Some video games are easy to describe. You’re a soldier and you shoot things, you race against other cars, you’re a anthropomorphic cat with goggles and a time bending vacuum cleaner…
Others, like Slime Rancher, defy easy description. Monomi Park’s game is a first person space slime farming simulator. You play as Beatrix LeBeau, a rancher who has landed thousand of light years from earth on a strange alien world filled with varied terrain and a wide range of strange, adorable slime creatures.
All from first person view, you suck these slimes up with your space vacuum, and deposit them into pens to collect their poop (known as plort) and use it to buy equipment upgrades, more pens, and gain access to new areas and strange new slimes.
Early on, your farm is barren. You’ve got one pen, and a few pink slimes running about. The game teaches you how to move, and how to suck up these slimy suckers and deposit them into your corral, where they bounce around excitedly, milling over the top of each other. Feeding these fine fellows causes them to squeeze out plort, which is currency here. You suck up plort, and you toss it into a machine to get some newbucks in return.
That’s the essential feedback loop of the game. Explore, find new slimes, get more plort, upgrade your farm, unlock new areas and gear, explore more, repeat. However, Slime Rancher is so sickenly adorable and so fluorescently vibrant that you don’t really care.
The game manages to dodge a few of the pitfalls of farming and resource management type games with the fun and the character of the slimes. Running around the world sucking up slimes, gathering other creatures and food, is more compelling than these sorts of games usually managed. The excellent Stardew Valley recently revitalised the Harvest Moon type formula, and while Slime Rancher’s depth pale in comparison to the gargantuan Stardew Valley, it approaches the genre in a way that feels entirely unique and fresh.
There’s peril to be found in Slime Rancher too. You can die, and beasties out in the world called Tarrs are ready to destroy you and your slimes. If you’re not careful, you can find these Tarrs in your homestead as well. If a slime eats a plort from another slime, you’ll get a giant hybrid of both.
They have big appetites, and drop two types of plort, making them ideal for poop farming. However, if they eat the plort from a third type of slime, then they’ll transform into a Tarr. One errant Tarr can decimate an entire farm, as happened to me when I was out exploring the world.

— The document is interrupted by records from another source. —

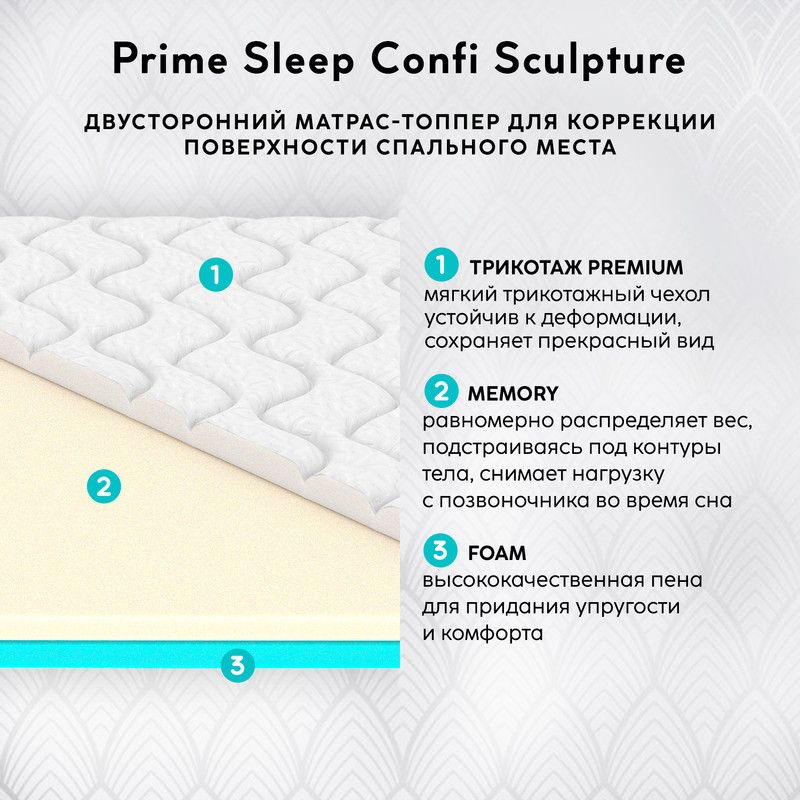 Prime sleep матрасы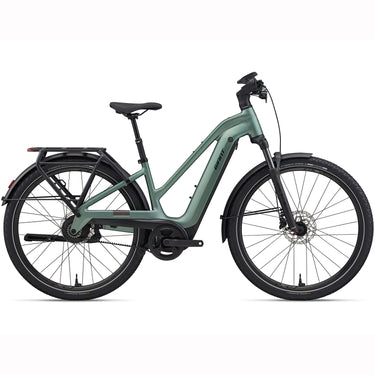 Giant Explore E+ 2 Stagger Electric Hybrid Bike 2027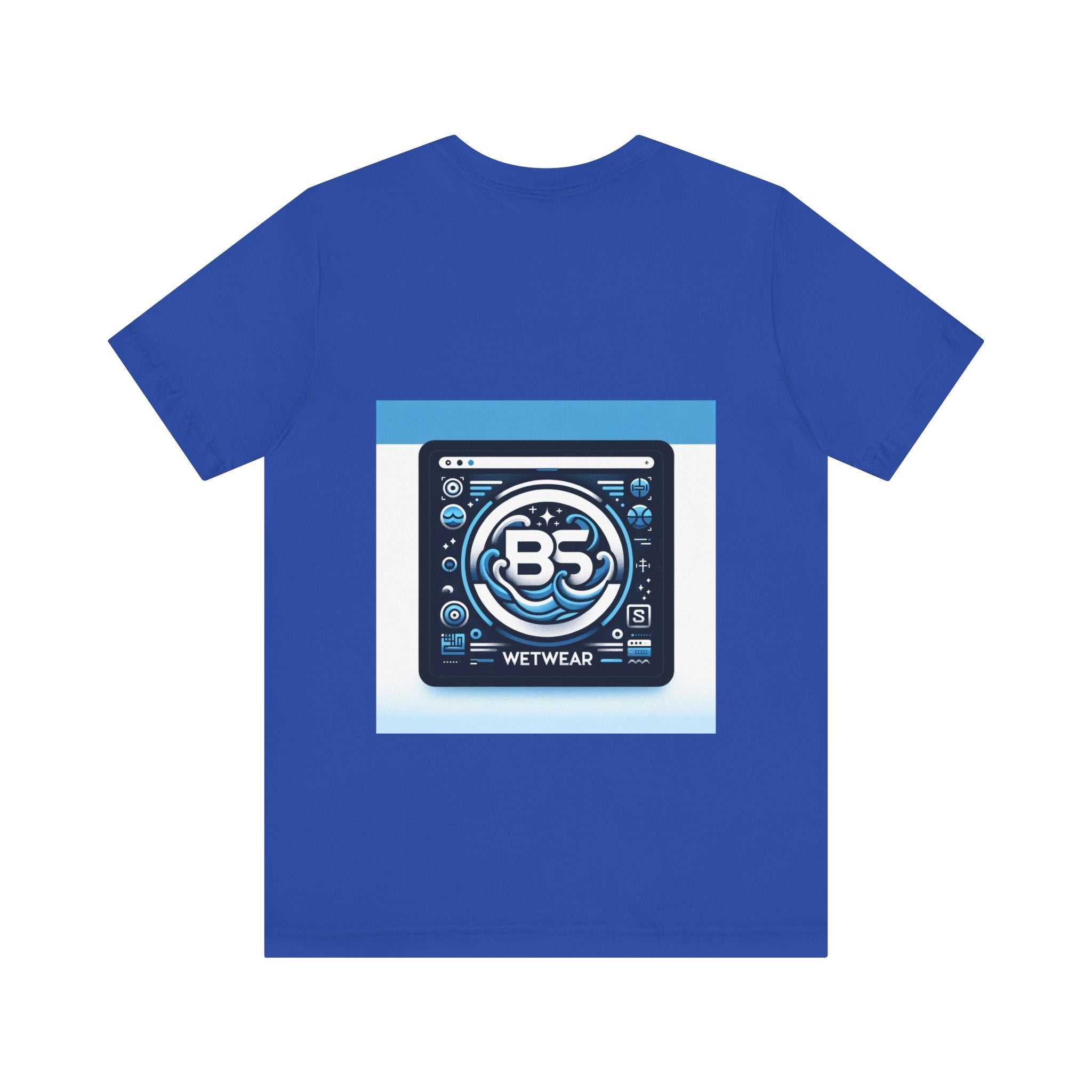 BS WETWEAR LOGO T-SHIRT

I came back home to my farm empty, save for one giant tabby hybrid who had somehow managed to avoid the slaughter.
In many ways, Slime Rancher laughs at the meticulous planning that it’s genre buddies encourage. Slimes will escape from pens. They will eat your chickens, raid your gardens, and eat each other’s poops, turning the whole place into a mess of crazy slime.
You can upgrade everything to automate feeding and plort collection and make it harder for slimes to escape, but one mistake, and you’re back to square one.

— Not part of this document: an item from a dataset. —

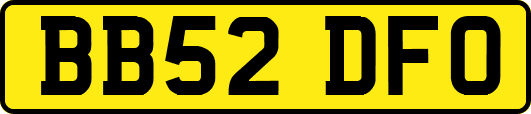BB52DFO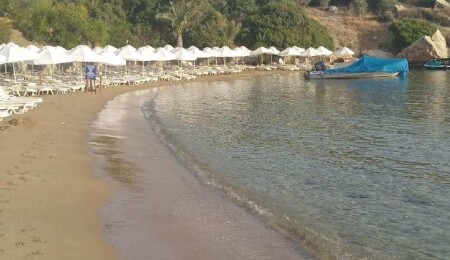 Plajların tümü halk sağlığı açısından kullanıma uygun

Luckily, you keep all your upgrades, and there are more slimes than you can carry roaming the wild range of environments you’ll find in the game. Slime Rancher gives you a perfect push and pull between exploring further and further, and running back to your farm to deposit your new slimes, grow new food, and sell some plort.
Exploring is just as fun as building your farm, and the whole thing feels so laissez faire that to read guides on the best farms to build and so on seems like the boring way to approach the whole thing.
However, Slime Rancher’s simplicity is probably it’s biggest weakness. Exploring and running all the way back to the farm, only to run back again, can get a little boring, and it doesn’t take too long to feel like you’ve seen everything. The game is still fun, but it’s a game you’re likely to fall out of after a dozen hours or so.
Even still, the time you spend with the game is tonnes of fun, the slimes are adorable, and there’s a laid back, low stress feel to the whole thing that is refreshing in a genre usually dedicated to squeezing every valuable second out of every in game day.
Slime Rancher is a farming game like no other, eschewing boring resource management for a beautiful, vibrant world, and adorable and unpredictable slimes to contend with. While you might not explore every single inch of what the game has to offer and might get bored after a while, it’s a sheer joy until then.